Where a person is happy living is an issue that can be a deal breaker—if one partner wants to live out in the country and one wants to live in the middle of the city, the suburbs aren’t a compromise; they’re a solution that will make everyone involved miserable.
It is, however, often possible to compromise on things like family holidays (where you can spend half with one family and half with the other and alternate years or pick based on family values)—the solutions may not be perfect for both of you, but some compromise 15 days a year is probably worth 350 other days of enjoying each other’s company. Issues like going to bed at the same time or merging finances are definitely things where a conversation can and should be had to find something that works for both partners. It’s important to look for red flags, such as unwillingness to compromise or lack of transparency, but it’s much easier to do that when having open conversations.
In terms of “The One”: as you realize what your absolute needs are and what your “nice to have but negotiable” things are, you’ll start to see a lot more potential “The Ones.” In HGTV speak, know your “must haves” and your “nice to haves,” and be really honest with yourself about which things belong on which lists.
While it’s nice to have partners who like the same things as you, having a partner who also practices yoga or like the same TV shows as you do is not necessarily essential to a successful relationship.

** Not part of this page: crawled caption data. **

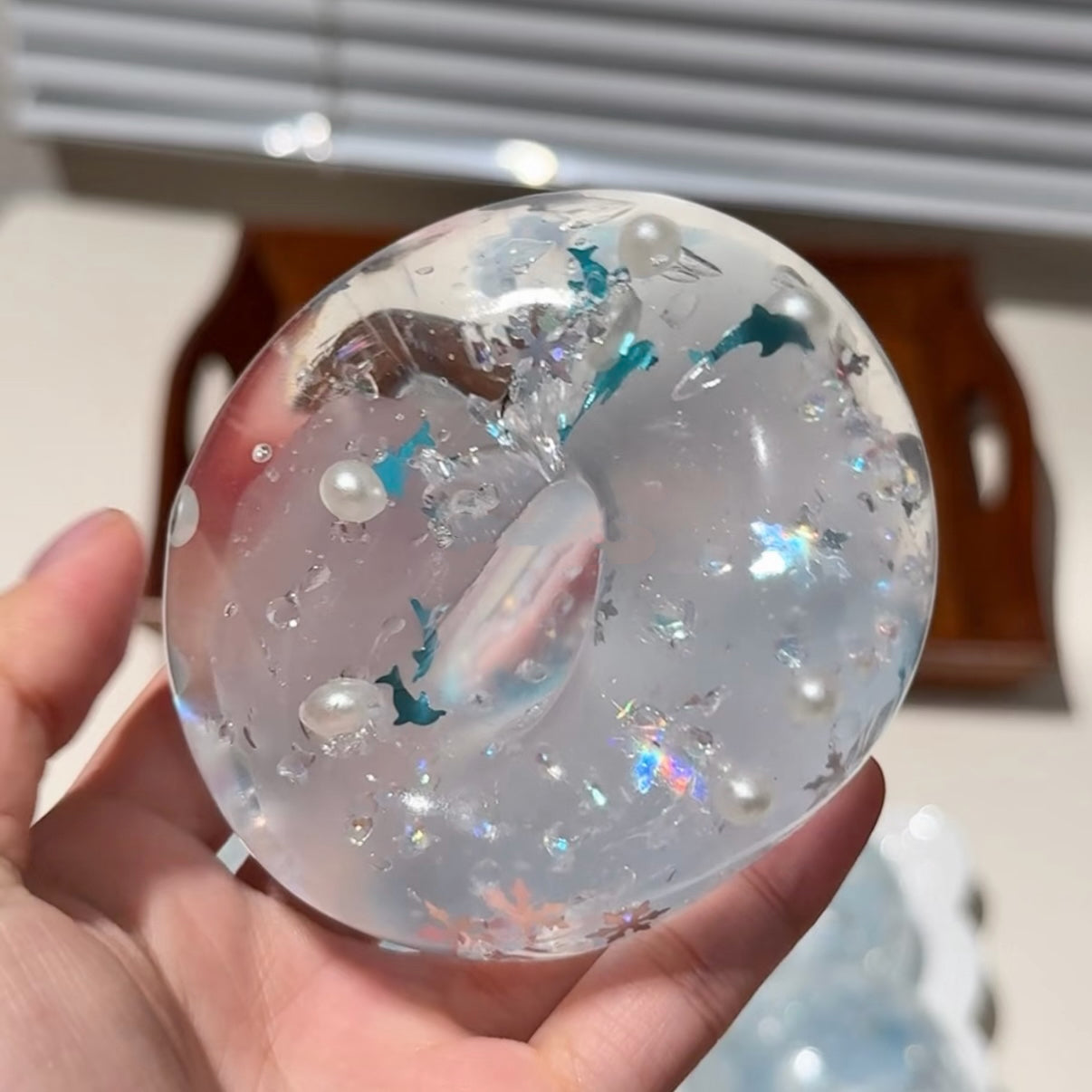 Pearl's Cove Stress Ball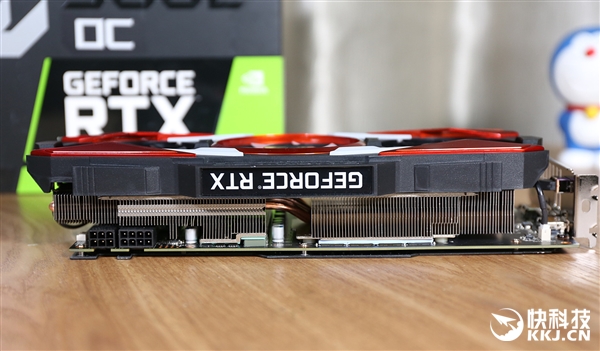 这显卡真漂亮！耕升GeForce RTX 2060 G魂OC图赏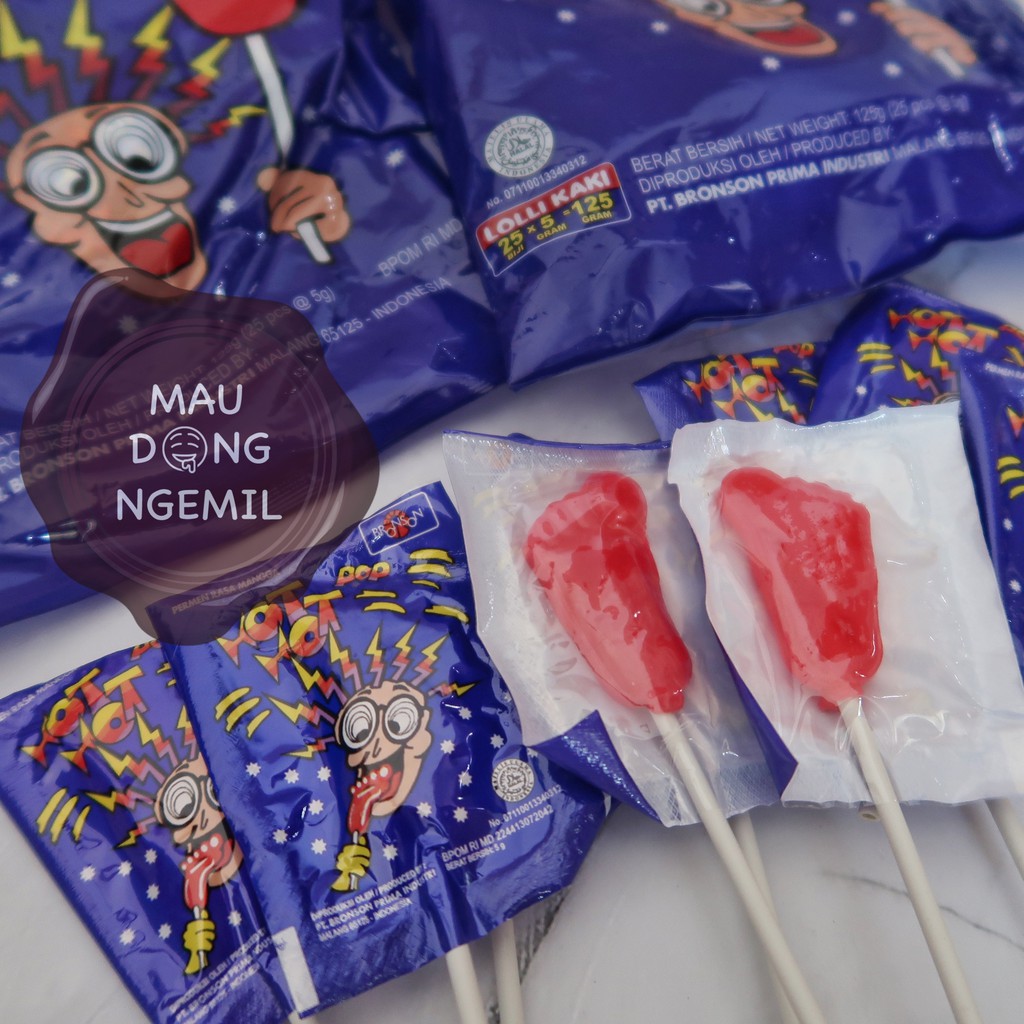 

Hot Hot Pop 10pcs Permen Kaki ( Permen Jadul )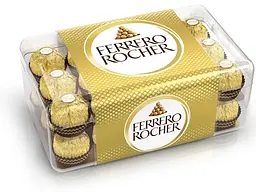 Цукерки Ferrero Rocher з цільним лісовим горіхом 375 г (8000500167113)
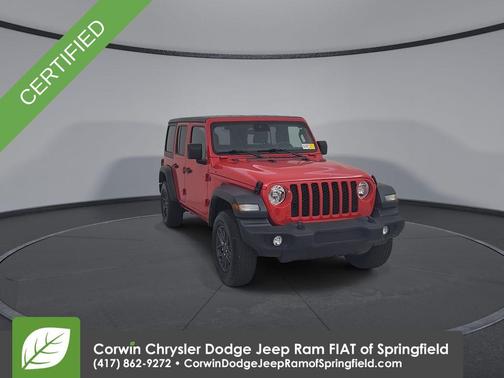 2024 Jeep Wrangler Sport
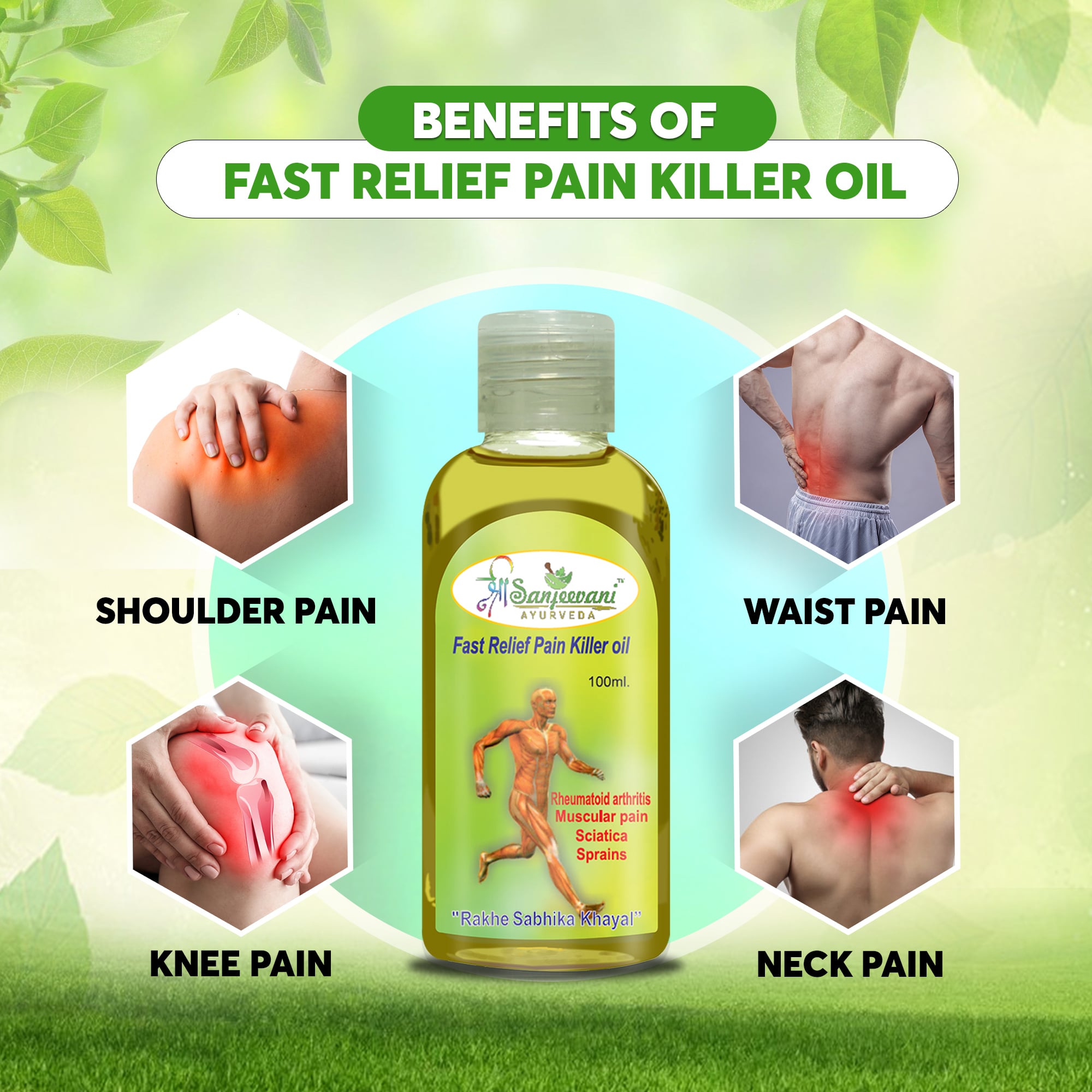 Fast Relief Pain Killer (100ml)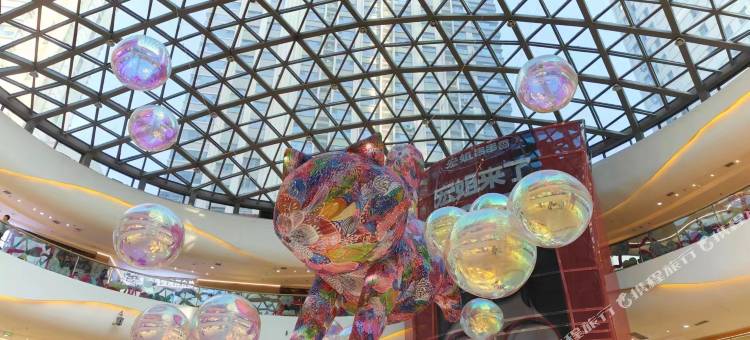 泊庭酒店公寓(顺城万达店)图片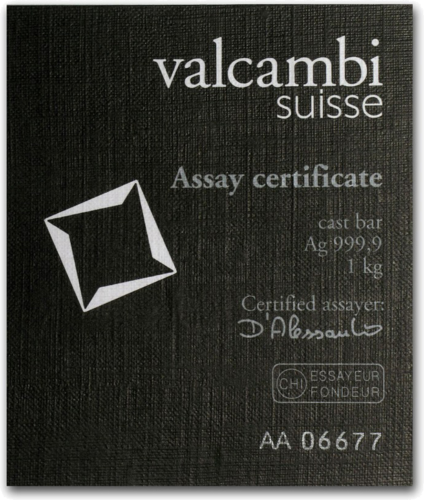 1 kg Silver Bar Valcambi (4)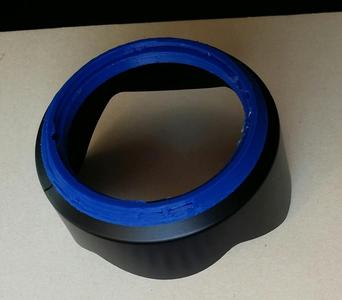 adapter sunhood from PH-RBA 52 to PH-RBC 52 for Pentax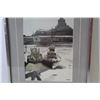 Image 2 : Framed Water Color By A. Lacaz (12 1/4" x 16 1/4") Loose in Frame -- Boat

How frequently you want to have sex, however, could be a deal breaker—if one of you wants to have sex every day, and one would be fine with twice a year, one of you is likely to end up really unhappy.
What your deal breakers are might be different when you’re looking at serious versus casual dating, but it’s good to be aware that casual dating can often turn into serious dating whether you want it to or not, so things that don’t seem like deal breakers up front might actually cause problems later on—so be honest with yourself about those possibilities.
Setting Boundaries Is so Important, It’s Non-Negotiable
Ultimately, err on the side of discussion and disclosure. Anything that is a definite deal breaker is worth bringing up on the first date if you’re looking for more than a casual sexual connection. It might not be super romantic, but, honestly, if someone’s reaction to talking about things that are important to you is “whoa, this is too much,” they probably aren’t looking for anything serious anyway—otherwise they have as much of a stake in making sure that you’re compatible as you do.
“Nice to haves” are probably easier to discuss on an as-they-come-up basis; you don’t need to negotiate every detail of your prospective lives together up front. If you’re doing (or planning on doing) something that a reasonable person might be bothered by—like getting lunch with an ex—it’s always a good idea to check in with your partner first to avoid unnecessary conflict, but that’s about it in terms of due diligence.
The main takeaway is that you shouldn’t put yourself in a position where you’re likely to get your heart broken or have someone force you into compromising your values because you weren’t on the same page from day one. There are way, way too many other fish in the sea (as they say), so don’t waste your time on someone who won’t make you happy!